ASSIGNED TASK:
Would you please restate the data exactly as it stands, apart from the pictures?

PROVIDED DATA:
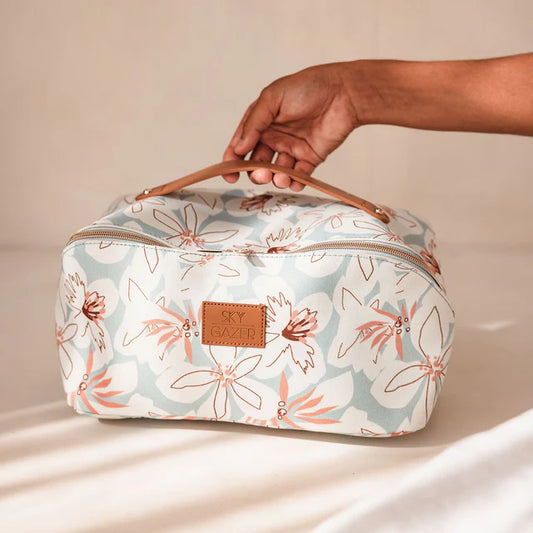 Easy-to-clean make-up organiser with vegan leather handle and smart storage.  Altona design.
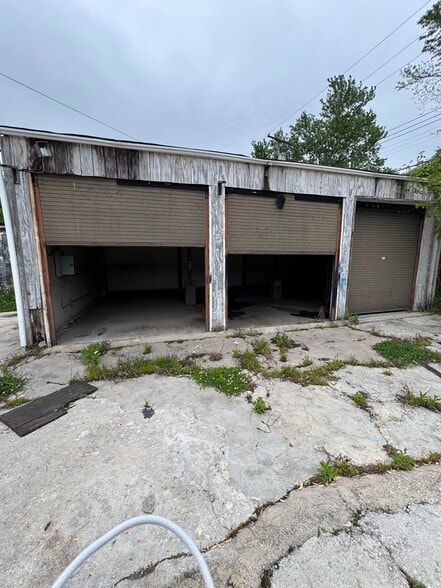 More Photos Of 4813 Belair Rd, Baltimore Freestanding For Sale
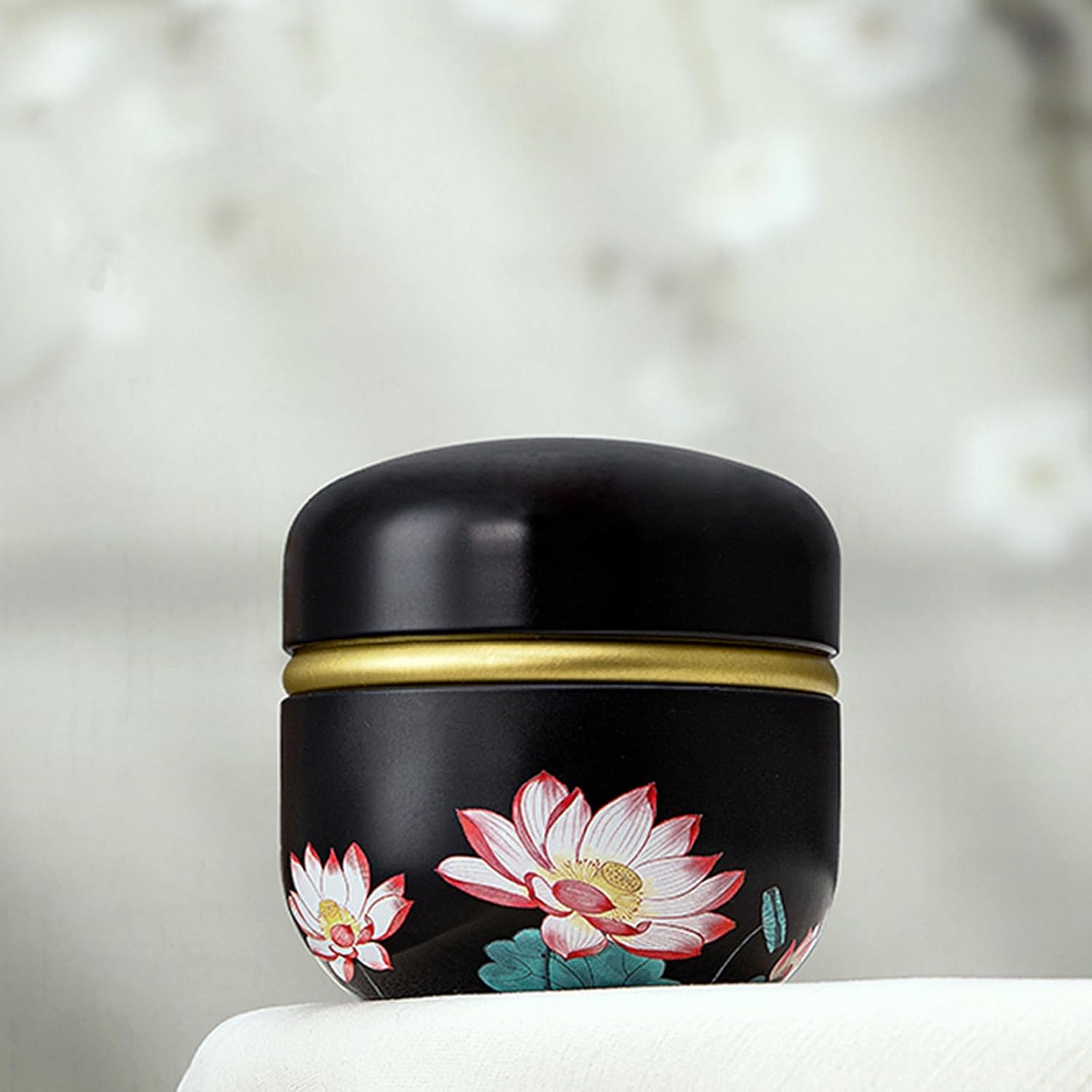 Qopoto Soplo de polvo corporal y recipiente para polvo de polvo, soplo de polvo para mujeres bebé y estuche para polvo para baño y viajes (Lotus)
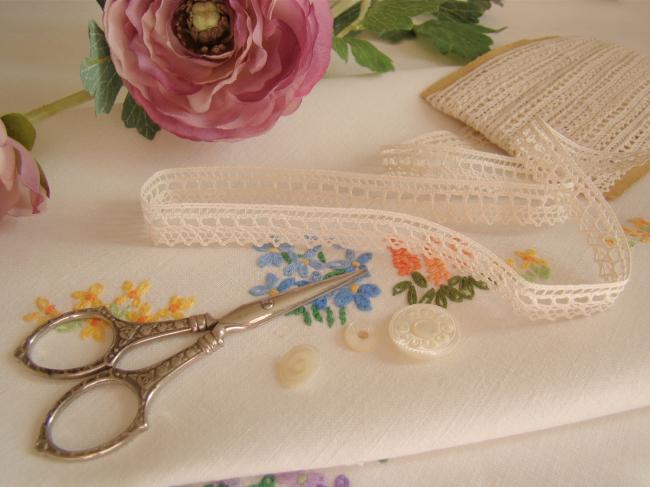 lovely little lace with tiny picots, ecru color , width 14mm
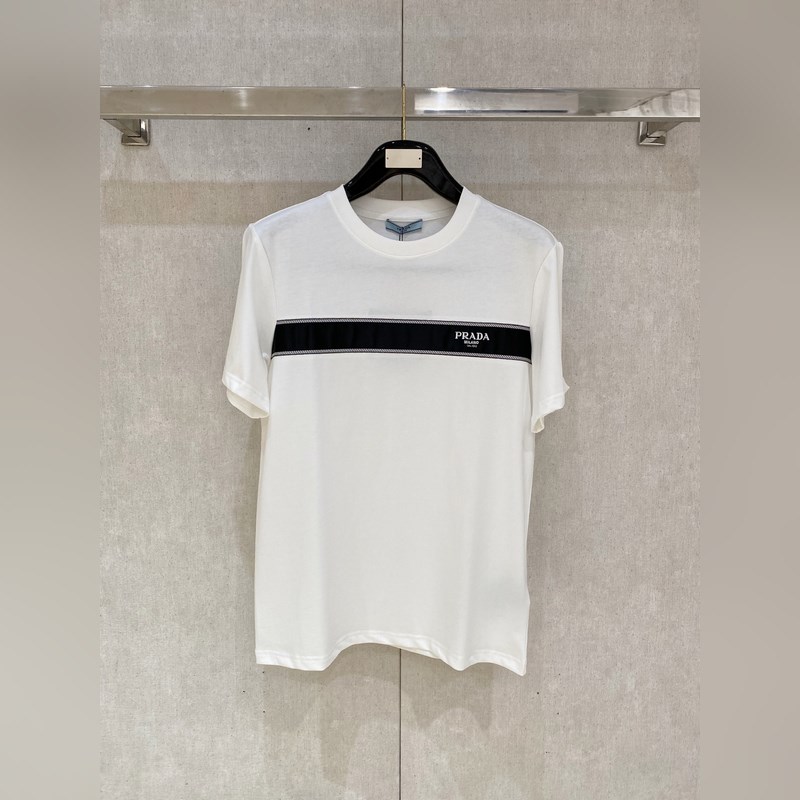 普拉達(dá) Prada 25ss春夏新款首發(fā)專(zhuān)櫃最新款短袖圓領(lǐng)T恤 高端訂制 設(shè)計(jì)前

RESULT FOR THIS EXERCISE:
 Easy-to-clean make-up organiser with vegan leather handle and smart storage.  Altona design.
 More Photos Of 4813 Belair Rd, Baltimore Freestanding For Sale
 Qopoto Soplo de polvo corporal y recipiente para polvo de polvo, soplo de polvo para mujeres bebé y estuche para polvo para baño y viajes (Lotus)
 lovely little lace with tiny picots, ecru color , width 14mm
 普拉達(dá) Prada 25ss春夏新款首發(fā)專(zhuān)櫃最新款短袖圓領(lǐng)T恤 高端訂制 設(shè)計(jì)前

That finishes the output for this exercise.